Task details
Line by line, copy the entries exactly, excluding the pictures.

Pictures with short captions:
□ □ □

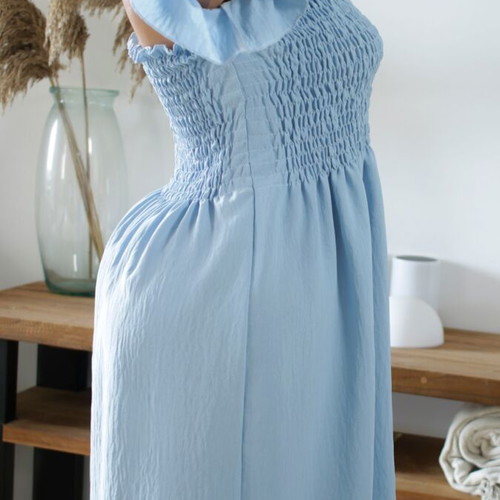 Off Shoulder Dress Blue New Size S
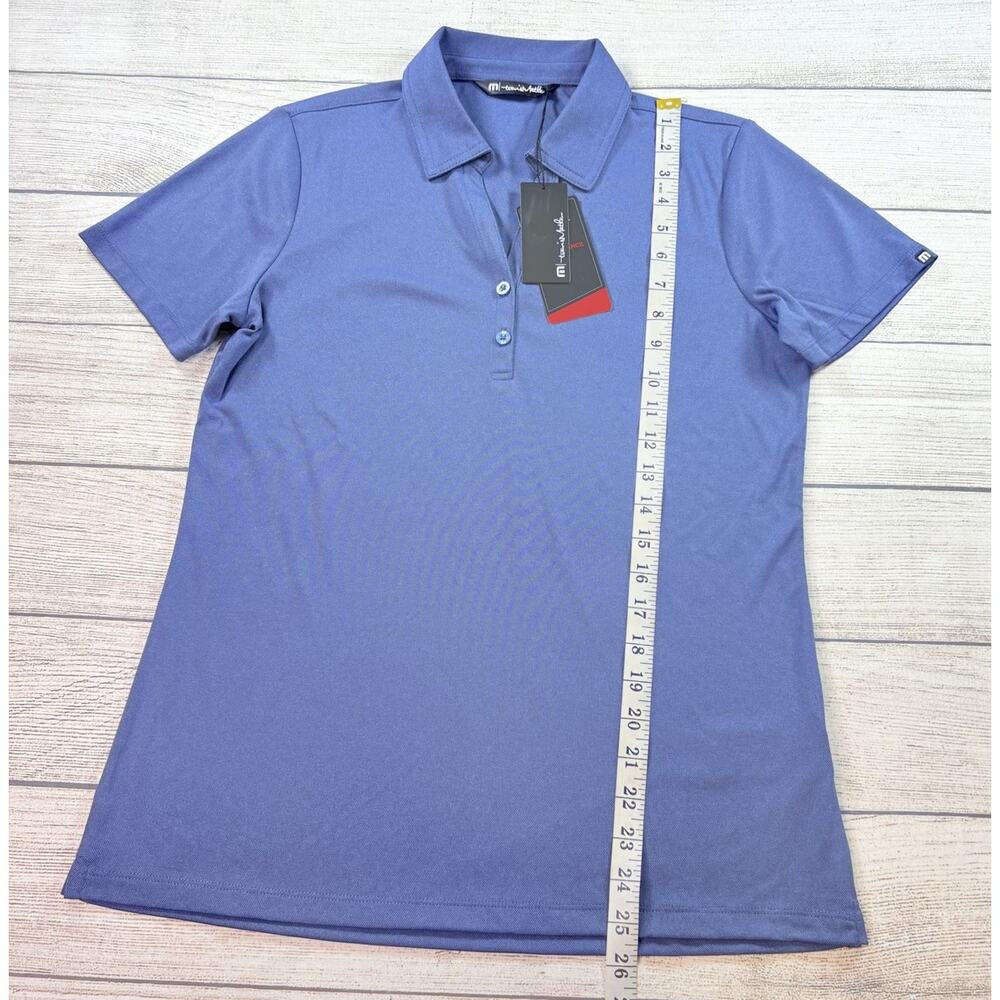 Travis Matthew Women’s Lot Of 2 Performance Lightweight Polos Blue Size M - Picture 3 of 8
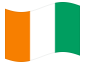 Bandeira animada Costa do Marfim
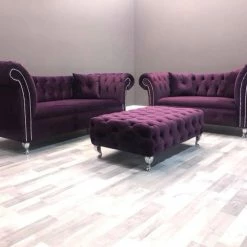 Velvetsofa RAPHAEL FRENCH VELVET SOFA RANGE SOFAS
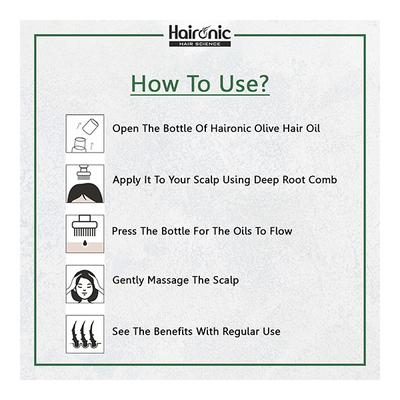 Haironic Olive Hair Oil 100 ml - Hair Oils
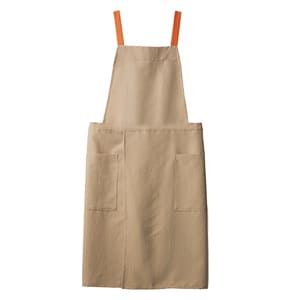 飲食店エプロン｜環境保護染料・おしゃれなカフェ制服・制電素材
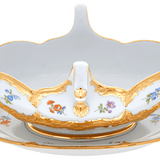 Sauciere Goldbronze Ø 26 cm, H 11 cm | Meissen B-Form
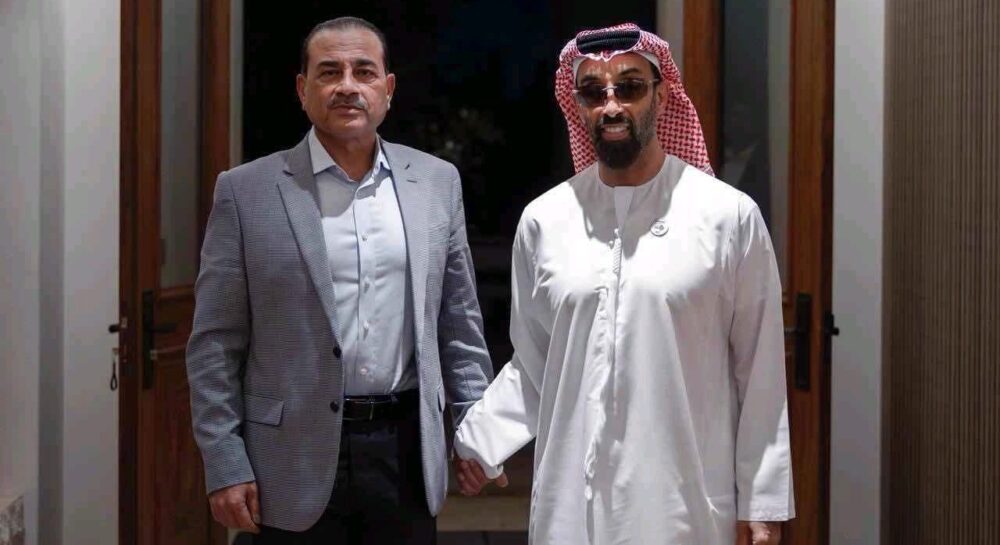 Asim Munir meets Sheikh Tahnoon bin Zayed during official visit to Abu Dhabi.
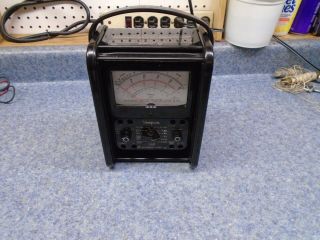 Vintage Simpson Multimeter No 260 Series 7 With Roll Down Case And Leads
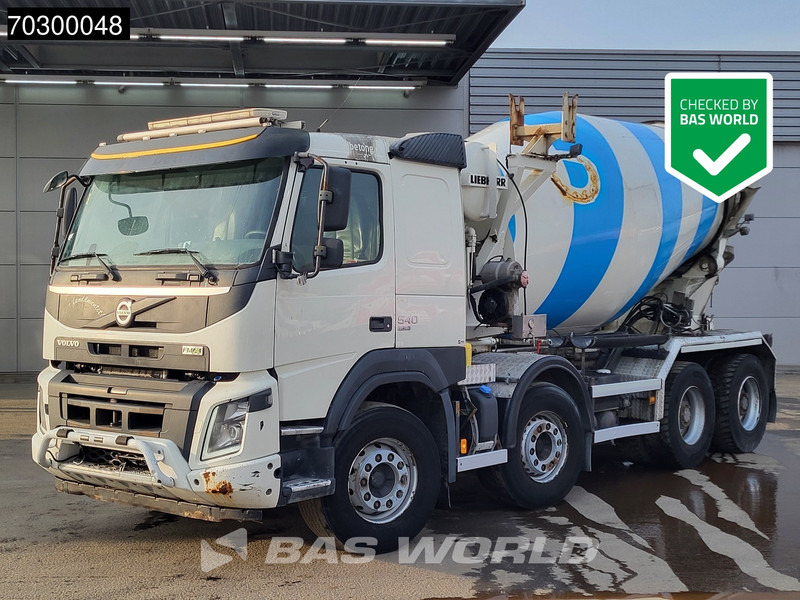 Volvo FMX 540 FMX 8X4 9m3 Liebherr HTM 904 EL Mixer Big-Axle Automatic Euro 6 - Autobetoniera: foto 1 Volvo FMX 540 FMX 8X4 9m3 Liebherr HTM 904 EL Mixer Big-Axle Automatic Euro 6 - Autobetoniera: foto 1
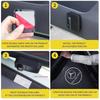 2026 Hot 1/2pcs Car Door Projector LED Shadow Lights Lamp Car Accessories For Mercedes Benz B/C/E/S Class A Class C200L GLC GLE CLA DR1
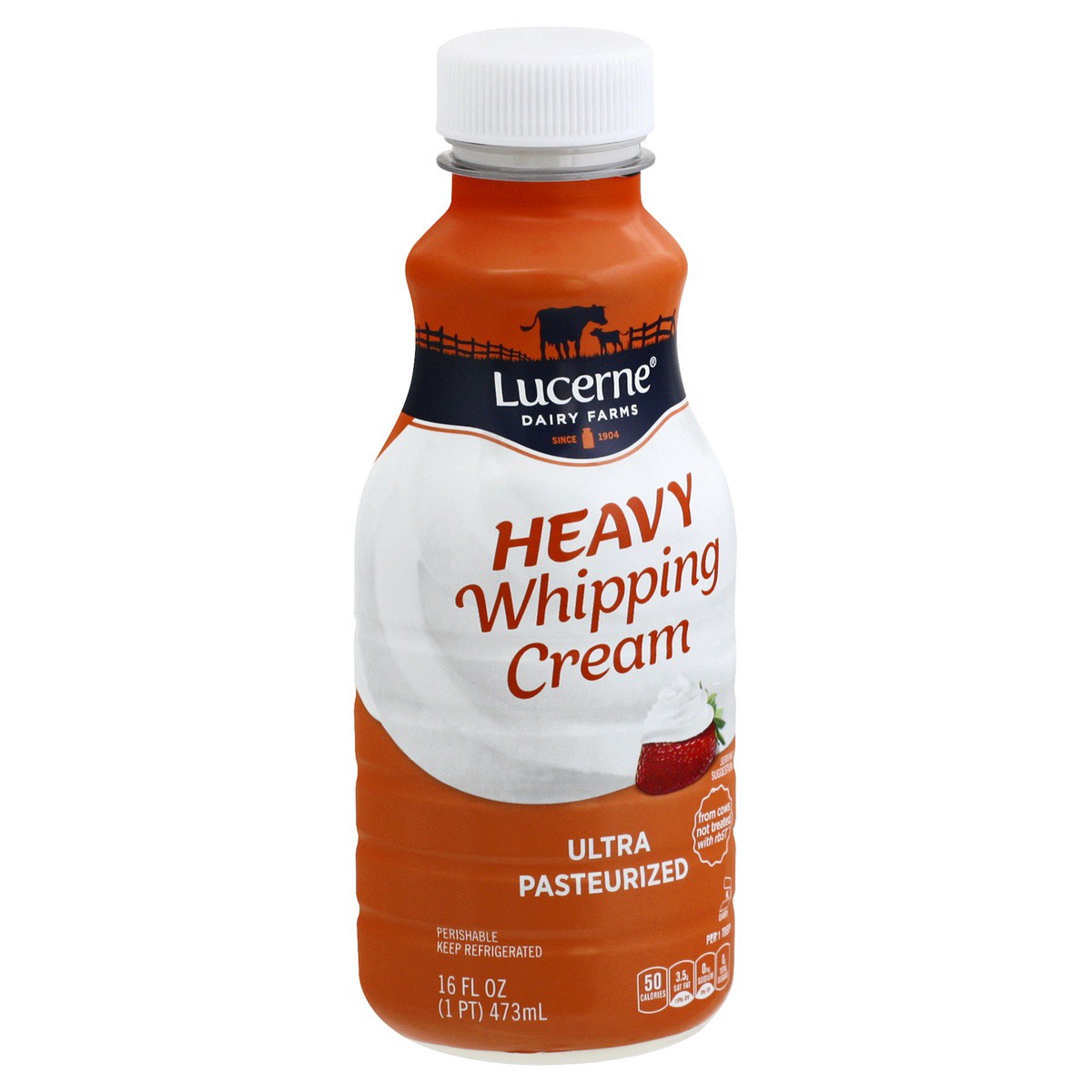 slide 2 of 9, Lucerne Dairy Farms Heavy Whipping Cream, 1 pint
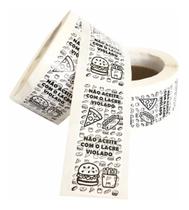 Lacres De Segurança Adesivos Pizza Lanche Delivery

□ □ □

Response
 Off Shoulder Dress Blue New Size S
 Travis Matthew Women’s Lot Of 2 Performance Lightweight Polos Blue Size M - Picture 3 of 8
 Bandeira animada Costa do Marfim
 Velvetsofa RAPHAEL FRENCH VELVET SOFA RANGE SOFAS
 Haironic Olive Hair Oil 100 ml - Hair Oils
 飲食店エプロン｜環境保護染料・おしゃれなカフェ制服・制電素材
 Sauciere Goldbronze Ø 26 cm, H 11 cm | Meissen B-Form
 Asim Munir meets Sheikh Tahnoon bin Zayed during official visit to Abu Dhabi.
 Vintage Simpson Multimeter No 260 Series 7 With Roll Down Case And Leads
 Volvo FMX 540 FMX 8X4 9m3 Liebherr HTM 904 EL Mixer Big-Axle Automatic Euro 6 - Autobetoniera: foto 1 Volvo FMX 540 FMX 8X4 9m3 Liebherr HTM 904 EL Mixer Big-Axle Automatic Euro 6 - Autobetoniera: foto 1
 2026 Hot 1/2pcs Car Door Projector LED Shadow Lights Lamp Car Accessories For Mercedes Benz B/C/E/S Class A Class C200L GLC GLE CLA DR1
 slide 2 of 9, Lucerne Dairy Farms Heavy Whipping Cream, 1 pint
 Lacres De Segurança Adesivos Pizza Lanche Delivery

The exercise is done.